[Work instruction]: The data below is to be output in full, unchanged.

[Given data]:
____
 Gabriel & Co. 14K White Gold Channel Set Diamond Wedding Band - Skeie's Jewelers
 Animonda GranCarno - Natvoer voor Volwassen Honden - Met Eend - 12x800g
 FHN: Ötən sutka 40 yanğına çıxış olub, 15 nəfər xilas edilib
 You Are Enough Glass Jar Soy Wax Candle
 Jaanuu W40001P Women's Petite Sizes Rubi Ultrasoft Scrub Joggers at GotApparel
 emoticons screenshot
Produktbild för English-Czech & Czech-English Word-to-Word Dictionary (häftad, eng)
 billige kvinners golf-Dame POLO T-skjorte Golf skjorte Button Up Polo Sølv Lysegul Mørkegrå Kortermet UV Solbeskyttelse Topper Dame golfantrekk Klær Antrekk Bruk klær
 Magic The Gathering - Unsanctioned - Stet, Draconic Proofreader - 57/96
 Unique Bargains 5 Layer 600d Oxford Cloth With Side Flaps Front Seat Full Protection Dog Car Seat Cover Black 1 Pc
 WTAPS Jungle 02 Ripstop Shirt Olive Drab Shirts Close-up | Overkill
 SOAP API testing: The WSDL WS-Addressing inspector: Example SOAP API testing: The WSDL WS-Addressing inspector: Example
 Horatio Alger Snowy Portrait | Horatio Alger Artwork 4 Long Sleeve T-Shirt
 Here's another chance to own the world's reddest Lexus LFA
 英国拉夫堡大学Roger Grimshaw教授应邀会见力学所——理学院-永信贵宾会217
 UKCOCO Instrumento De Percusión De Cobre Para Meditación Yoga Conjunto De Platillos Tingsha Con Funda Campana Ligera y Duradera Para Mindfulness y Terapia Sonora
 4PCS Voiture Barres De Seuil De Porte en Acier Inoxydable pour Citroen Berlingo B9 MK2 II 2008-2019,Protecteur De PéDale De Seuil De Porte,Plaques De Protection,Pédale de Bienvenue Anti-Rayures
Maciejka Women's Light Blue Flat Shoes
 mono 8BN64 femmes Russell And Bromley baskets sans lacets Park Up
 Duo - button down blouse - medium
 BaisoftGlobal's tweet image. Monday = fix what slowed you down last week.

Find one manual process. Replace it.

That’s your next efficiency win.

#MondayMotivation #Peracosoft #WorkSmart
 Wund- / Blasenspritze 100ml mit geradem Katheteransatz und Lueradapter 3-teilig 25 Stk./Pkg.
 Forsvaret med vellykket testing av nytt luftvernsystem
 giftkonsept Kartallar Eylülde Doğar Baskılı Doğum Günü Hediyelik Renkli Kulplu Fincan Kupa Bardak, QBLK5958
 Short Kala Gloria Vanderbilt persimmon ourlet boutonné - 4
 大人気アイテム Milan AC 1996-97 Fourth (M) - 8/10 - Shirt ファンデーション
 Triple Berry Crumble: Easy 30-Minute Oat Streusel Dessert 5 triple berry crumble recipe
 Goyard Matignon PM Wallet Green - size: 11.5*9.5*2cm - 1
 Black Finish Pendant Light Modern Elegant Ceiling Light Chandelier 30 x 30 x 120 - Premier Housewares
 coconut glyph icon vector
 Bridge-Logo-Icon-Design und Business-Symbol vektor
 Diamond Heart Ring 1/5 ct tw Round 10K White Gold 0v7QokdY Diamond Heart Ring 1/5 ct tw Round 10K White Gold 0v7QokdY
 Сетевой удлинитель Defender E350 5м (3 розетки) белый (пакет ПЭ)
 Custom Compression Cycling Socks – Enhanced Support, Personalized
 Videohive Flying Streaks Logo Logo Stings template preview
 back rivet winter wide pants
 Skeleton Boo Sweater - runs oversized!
____
[Result of this task]:
 Gabriel & Co. 14K White Gold Channel Set Diamond Wedding Band - Skeie's Jewelers
 Animonda GranCarno - Natvoer voor Volwassen Honden - Met Eend - 12x800g
 FHN: Ötən sutka 40 yanğına çıxış olub, 15 nəfər xilas edilib
 You Are Enough Glass Jar Soy Wax Candle
 Jaanuu W40001P Women's Petite Sizes Rubi Ultrasoft Scrub Joggers at GotApparel
 emoticons screenshot
Produktbild för English-Czech & Czech-English Word-to-Word Dictionary (häftad, eng)
 billige kvinners golf-Dame POLO T-skjorte Golf skjorte Button Up Polo Sølv Lysegul Mørkegrå Kortermet UV Solbeskyttelse Topper Dame golfantrekk Klær Antrekk Bruk klær
 Magic The Gathering - Unsanctioned - Stet, Draconic Proofreader - 57/96
 Unique Bargains 5 Layer 600d Oxford Cloth With Side Flaps Front Seat Full Protection Dog Car Seat Cover Black 1 Pc
 WTAPS Jungle 02 Ripstop Shirt Olive Drab Shirts Close-up | Overkill
 SOAP API testing: The WSDL WS-Addressing inspector: Example SOAP API testing: The WSDL WS-Addressing inspector: Example
 Horatio Alger Snowy Portrait | Horatio Alger Artwork 4 Long Sleeve T-Shirt
 Here's another chance to own the world's reddest Lexus LFA
 英国拉夫堡大学Roger Grimshaw教授应邀会见力学所——理学院-永信贵宾会217
 UKCOCO Instrumento De Percusión De Cobre Para Meditación Yoga Conjunto De Platillos Tingsha Con Funda Campana Ligera y Duradera Para Mindfulness y Terapia Sonora
 4PCS Voiture Barres De Seuil De Porte en Acier Inoxydable pour Citroen Berlingo B9 MK2 II 2008-2019,Protecteur De PéDale De Seuil De Porte,Plaques De Protection,Pédale de Bienvenue Anti-Rayures
Maciejka Women's Light Blue Flat Shoes
 mono 8BN64 femmes Russell And Bromley baskets sans lacets Park Up
 Duo - button down blouse - medium
 BaisoftGlobal's tweet image. Monday = fix what slowed you down last week.

Find one manual process. Replace it.

That’s your next efficiency win.

#MondayMotivation #Peracosoft #WorkSmart
 Wund- / Blasenspritze 100ml mit geradem Katheteransatz und Lueradapter 3-teilig 25 Stk./Pkg.
 Forsvaret med vellykket testing av nytt luftvernsystem
 giftkonsept Kartallar Eylülde Doğar Baskılı Doğum Günü Hediyelik Renkli Kulplu Fincan Kupa Bardak, QBLK5958
 Short Kala Gloria Vanderbilt persimmon ourlet boutonné - 4
 大人気アイテム Milan AC 1996-97 Fourth (M) - 8/10 - Shirt ファンデーション
 Triple Berry Crumble: Easy 30-Minute Oat Streusel Dessert 5 triple berry crumble recipe
 Goyard Matignon PM Wallet Green - size: 11.5*9.5*2cm - 1
 Black Finish Pendant Light Modern Elegant Ceiling Light Chandelier 30 x 30 x 120 - Premier Housewares
 coconut glyph icon vector
 Bridge-Logo-Icon-Design und Business-Symbol vektor
 Diamond Heart Ring 1/5 ct tw Round 10K White Gold 0v7QokdY Diamond Heart Ring 1/5 ct tw Round 10K White Gold 0v7QokdY
 Сетевой удлинитель Defender E350 5м (3 розетки) белый (пакет ПЭ)
 Custom Compression Cycling Socks – Enhanced Support, Personalized
 Videohive Flying Streaks Logo Logo Stings template preview
 back rivet winter wide pants
 Skeleton Boo Sweater - runs oversized!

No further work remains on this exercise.